☆ ☆ ☆ ½
Wrong
Move (1975) – W. Wenders
The second film in Wim Wenders’ Road
Trilogy, after Alice in the Cities and before Kings of the Road, also starring
Rudiger Vogler. Here, he fashions
himself to be a writer but has nothing to say.
Venturing away from his home by train to Bonn, he picks up several
travelling companions, similarly aimless (including Hanna Schygulla as an
actress, and teen Nastassja Kinski as a circus performer). The script by Peter
Handke is artificial and didactic, focusing on alienation but also referring to
(or laying blame upon) Germany’s wartime past and the complicity (or active
engagement) by some in the atrocities. The
characters may allegorically symbolise different subsections of Germany’s
population (youth, older generation, etc.).

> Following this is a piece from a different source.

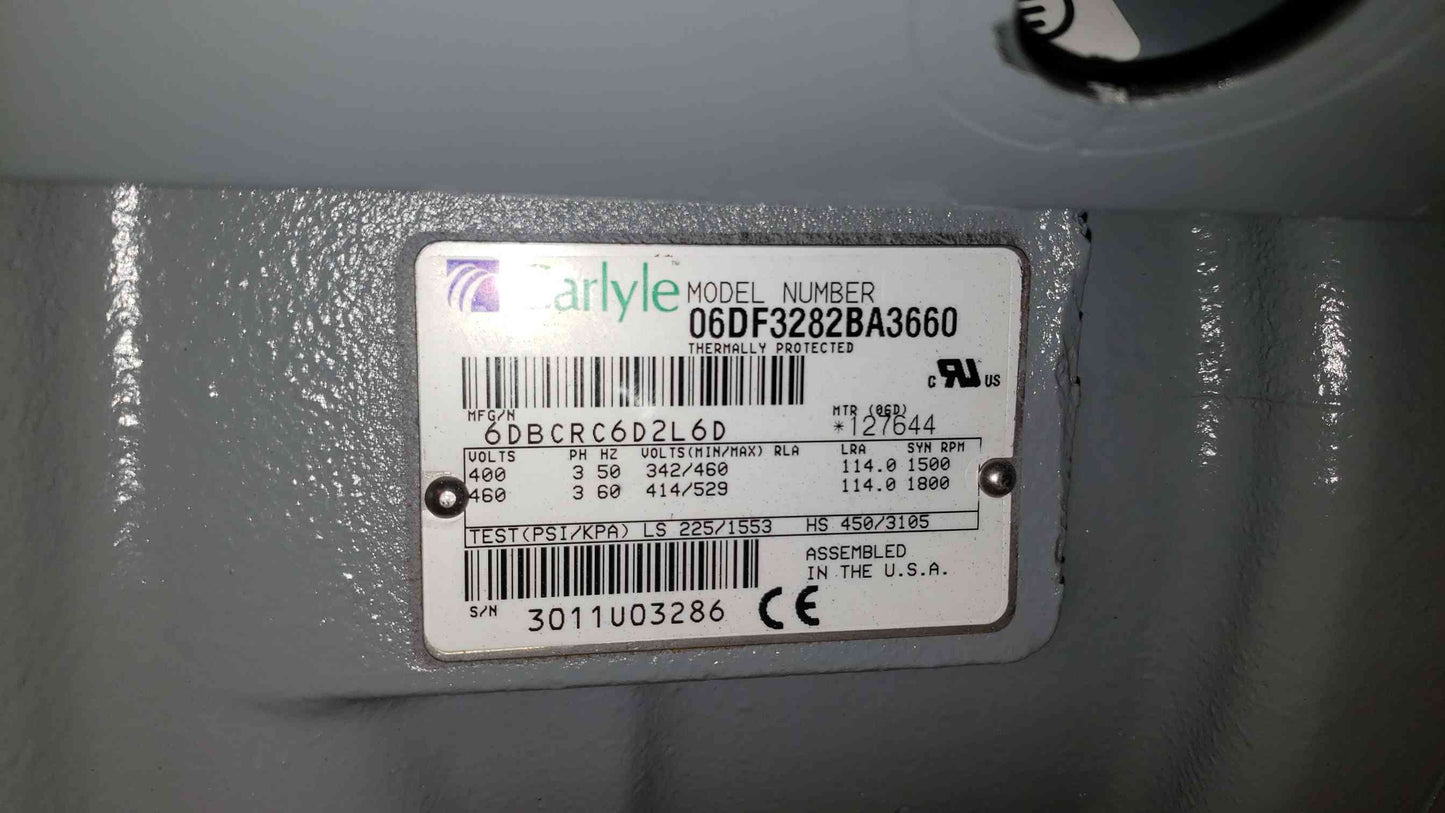 Carlyle Air Compressor 3 Head 06DF3282BA3660 460V 50Hz/60Hz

Naturalistic, this is not. Yet
somehow Wenders’ directorial choices, aided immensely by Robby Mueller’s
cinematography, keep things fresh.
Tracking shots abound and the countryside is green and the city dotted
with bright colours. Vogler and his
companions drift along and we note the things that happen but nothing seems to
affect him. Instead, he is alone and
unable to find purpose and meaning. The
other films in the trilogy seem less fully depressed.